Numéro d'identité : instrument juridique
Si l'on conçoit le registre de l'état civil comme une liste unique utilisée à des fins multiples, ou comme des bases de données multiples partagées aux fns multiples, une seule agence doit agir en qualité de commun dénominateur et être chargée des iniatives de partage entre les agences et ministères du gouvernement. Ce partage est d'autant plus facile s'il existe un commun dénominateur qui établit le lien entre les bases de données et les unités administratives, comme un numéro d'identité. Pratiquement tous les sytèmes qui utilisent un registre de l'état civil se fient à un numéro d'identité unique que le citoyen reçoit soit à la naissance ou au moment de son inscription lorsqu'il atteint l'âge adulte (habituellement entre l'âge de 16 ans et de 21 ans) et qu'il conserve tout au long de sa vie.

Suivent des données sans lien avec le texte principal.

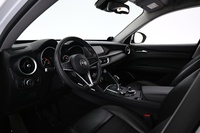 Alfa Romeo Stelvio vaihtoauto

Ce numéro sert de lien entre les diverses bases de données qui alimentent le registre. L'utilisation d'un numéro d'identité personnel élimine la nécessité de porter une carte d'identité, puisque les fichiers qui portent ce numéro unique peuvent être entreposés dans un endroit central à la suite d'une intégration des données par le biais du numéro d'identité. Cet aspect des registres de l'état civil élimine la nécessité de faire parvenir des cartes d'inscription dans la période qui précède une élection, contribuant par le fait même à des économies considérables.
L'autorité électorale
On peut choisir parmi un éventail de types d'autorité électorale dans le cadre d'un registre de l'état civil donné. Lorsque la pratique démocratique est bien ancrée, comme en Suède, il convient d'établir cette autorité au sein du ministère du gouvernement (ex. les autorités fiscales). L'autorité électorale doit cependant être une unité administrative distincte au sein du ministère. Dans des circonstances contraires, il est inacceptable de placer la responsabilité en matière électorale sous l'autorité de la branche exécutive du gouvernement. Il faut donc se questionner sérieusement sur la situation propice pour l'autorité électorale afin qu'elle soit autonome dans sa vérification de la validité des données utilisées pour l'inscription des électeurs. La réponse diffère d'une situation à une autre.